**Collected material:**
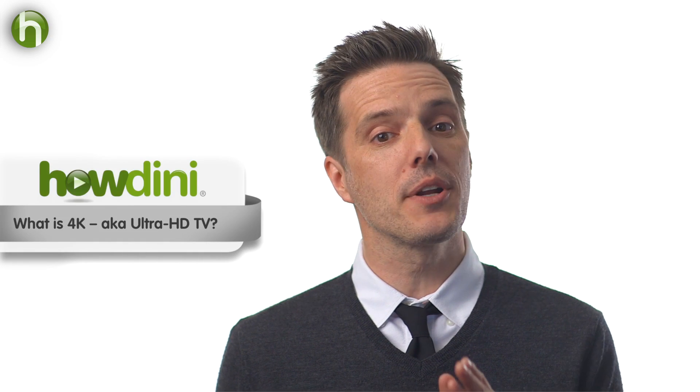Hi, this is Sean for Howdini. Today we're going to talk about this cryptic-sounding TV called 4K, or by its other name, Ultra HD.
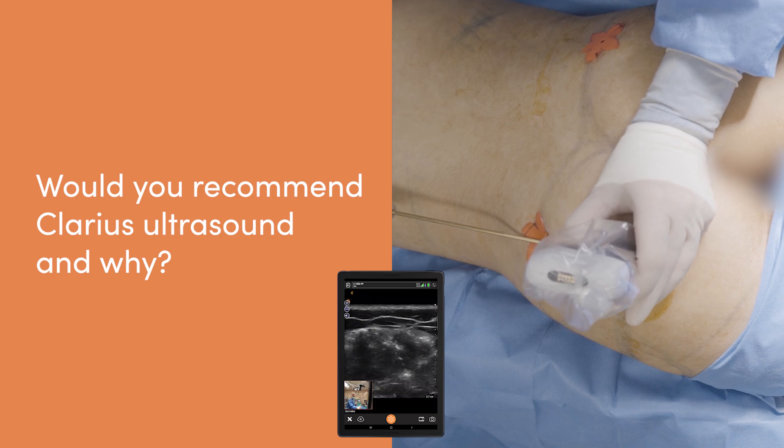I do recommend Clarice ultrasound because it's affordable, it's powerful, but most importantly it's smart and easy to use. It allows me to get a great image without a lot of effort, so I can focus on my patient and my procedure.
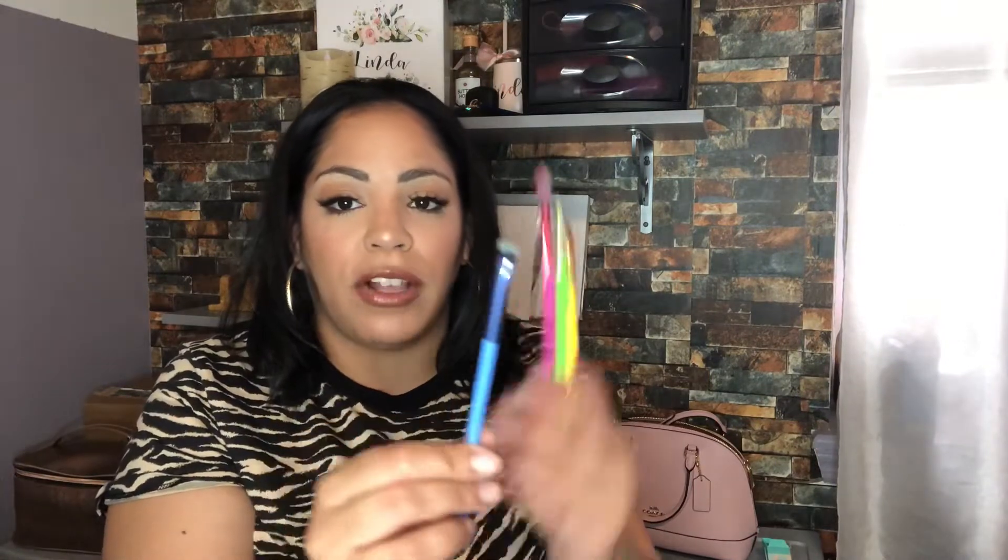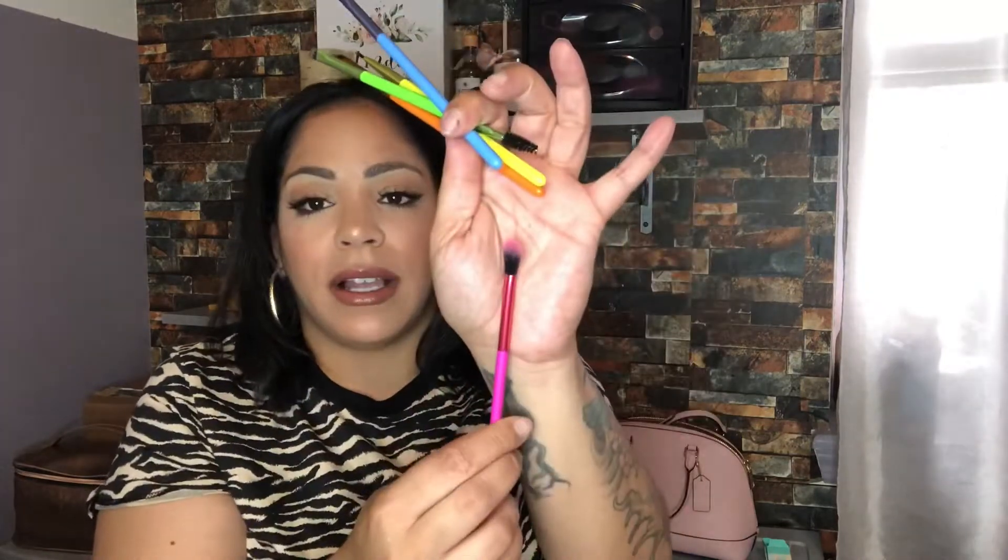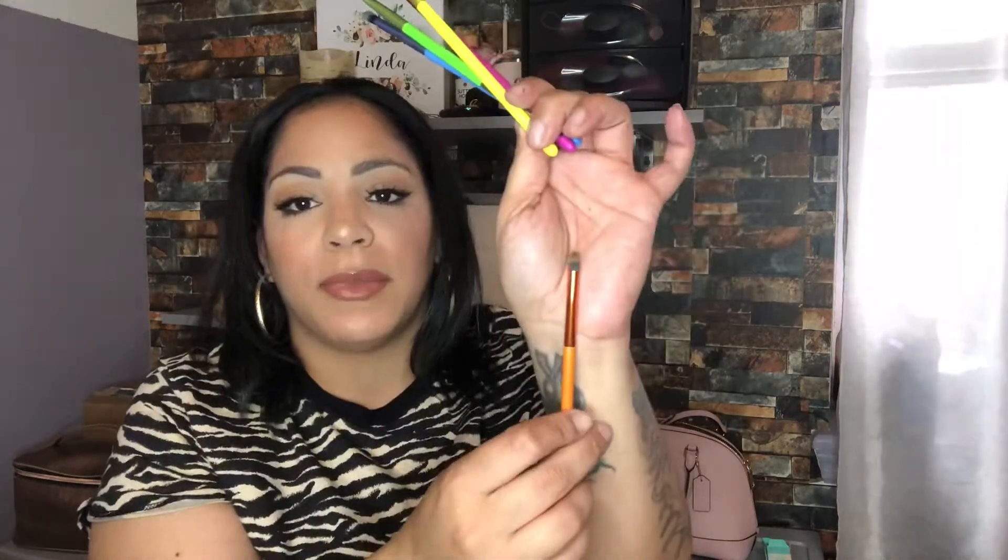The next and final item is the Lavish five-piece neon eye brush collection, retailing for $29.99. I used a few of them and I'm obsessed with the colors — they're super fun, cute, and very summery. The set includes a shading brush, a domed blending brush, a tapered blending brush, an eyebrow brush with angled and spoolie ends, an eyeliner brush, and a small pencil brush. I love these and will definitely be reaching for them.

**Task to carry out:**
Omit the pictures, and quote the material above exactly as given.

**Exercise answer:**
Hi, this is Sean for Howdini. Today we're going to talk about this cryptic-sounding TV called 4K, or by its other name, Ultra HD.
I do recommend Clarice ultrasound because it's affordable, it's powerful, but most importantly it's smart and easy to use. It allows me to get a great image without a lot of effort, so I can focus on my patient and my procedure.
The next and final item is the Lavish five-piece neon eye brush collection, retailing for $29.99. I used a few of them and I'm obsessed with the colors — they're super fun, cute, and very summery. The set includes a shading brush, a domed blending brush, a tapered blending brush, an eyebrow brush with angled and spoolie ends, an eyeliner brush, and a small pencil brush. I love these and will definitely be reaching for them.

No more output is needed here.